Connecticut Set to Enter P3 for 23 Highway Rest Stops

Connecticut will round out the year with a new public-private partnership for highway service plazas. In December, a consortium will take over operations of 23 service plazas and sink in millions of dollars to upgrade the facilities.

The state expects to get at least $250 million of revenue sharing during the life of the 35-year concession. The consortium plans to invest $178 million upgrading the facilities in the first five years and $52 million to maintain them.

“P3s for rest stops — this is the first time we’ve heard of this,” said Moody’s Investors Service analyst Chee Mee Hu. “They’re just asking the private sector to come in and set up these rest stops and operations, put in some capital, and then manage it for a defined period of time, so it’s relatively low key, relatively low risk.”

Project Service LLC, a joint venture formed by the private-equity firm the Carlyle Group, Doctor’s Associates Inc., and Subcon Inc., will be the prime contractor responsible for design, development, maintenance, and operations of the plazas.

Doctor’s Associates is the parent company of the Subway restaurant chain and Subcon is a developer of Subway franchises in the New York and Connecticut area.

Project Service responded to a request for proposals issued by the Connecticut Department of Transportation last year. The 1940s- and 1950s-era service areas on Interstates 95 and 395 and Route 15 will get their first significant capital improvements in 25 years.

“The transaction is a pretty unique transaction from an infrastructure standpoint,” said Roth Kehoe,  who worked on the transaction for Project Service as an attorney at Hunton & Williams LLP. “Historically, the state had put out for concession the food service separate from the fuel service and was looking for an approach that consolidated all of the service providing into one single provider.”

Under the old arrangement, the DOT maintained the facilities and had a contract with McDonald’s as the food provider and ExxonMobil as the fuel provider.

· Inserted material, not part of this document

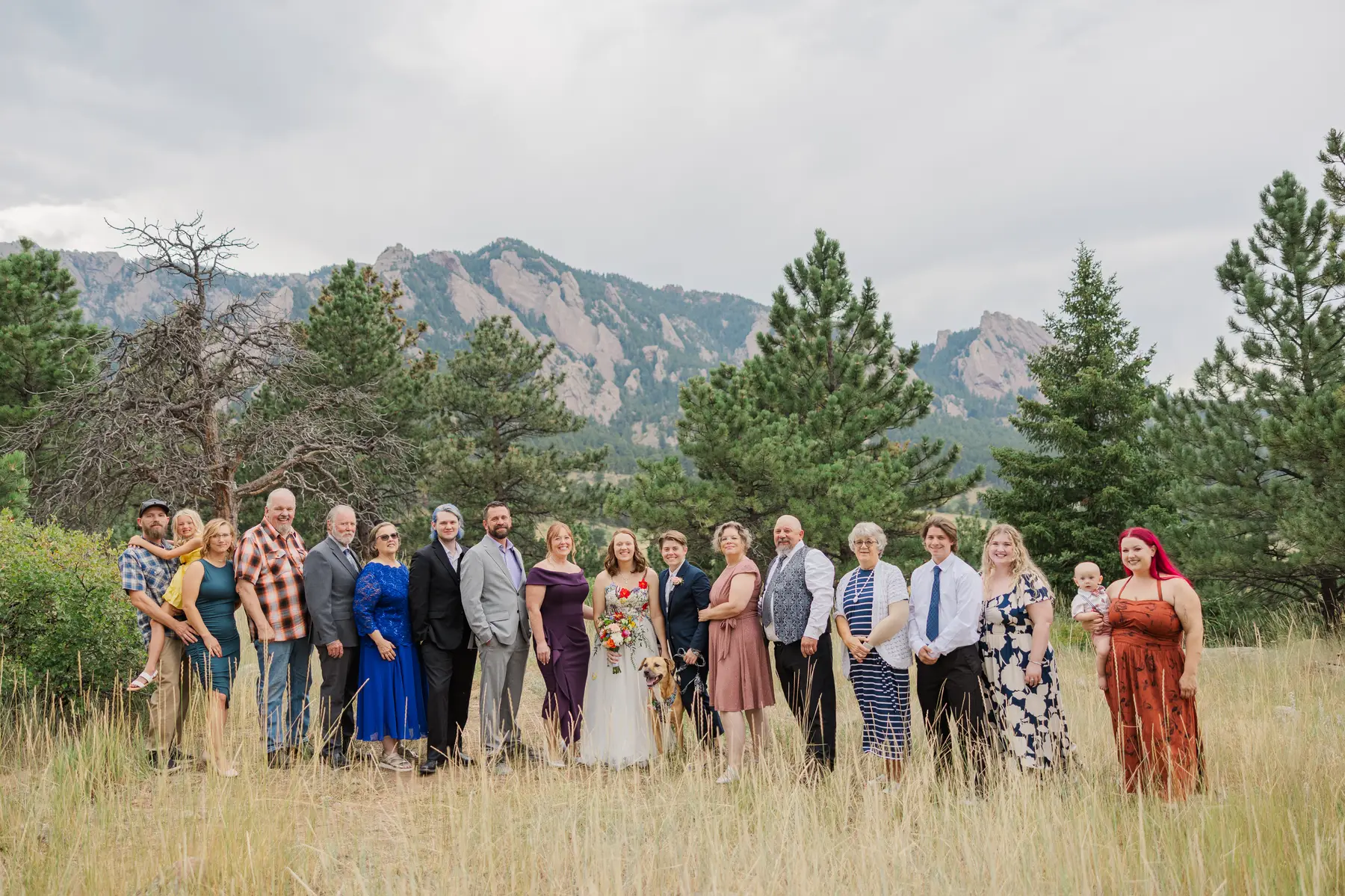 Sydney and Hannah Rusow pose with family and guests in a grassy meadow with the Flatirons in the background in Boulder, CO.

In the new arrangement, McDonald’s will still be around but Project Service is the primary contractor and will add Subway and Dunkin Donuts franchises, as well as other restaurants and stores. Alliance Energy LLC will provide fuel and run the convenience stores.

The concession requires Project Service to pay the DOT a percentage of gross receipts and a portion of gas receipts, subject to minimum monthly and annual payment amounts.

The payment amounts calculated on gross receipts and gas sales, as well as the minimum payments, will rise during the life of the contract. Gross receipt payments begin at 1.25% and increase over the years to 5.5% in 2040. Added to that is a fuel charge of one cent per gallon that rises to 2.25 cents per gallon by 2035. Minimum monthly payments begin at $83,333 and steadily rise to a top rate of $375,000 in 2040.

The state hasn’t offered any incentives and is not involved in any financing.

“Project Service LLC is responsible for the cost of all improvements, and has the capital to do so,” DOT spokesman Judd Everhart said in an e-mail. “If it determines it is more beneficial to finance any of its investment with a financial instrument other than cash, they have some latitude to do so [but] the state is not issuing any bonds for these capital improvements.”

The P3 plaza idea could spread.

Carlyle Group spokesman Chris ­Ullman said his firm expects to do more highway plaza P3s like the one in Connecticut in other states but has no projects to announce at this time.

Kehoe said: “A lot of states are seeing these as opportunities to generate revenue. Georgia has publicly indicated that they’ve got some interest in figuring out if they can provide private services at their service plazas as well.”

Georgia’s Department of Transportation plans to hold a P3 workshop on ­Thursday.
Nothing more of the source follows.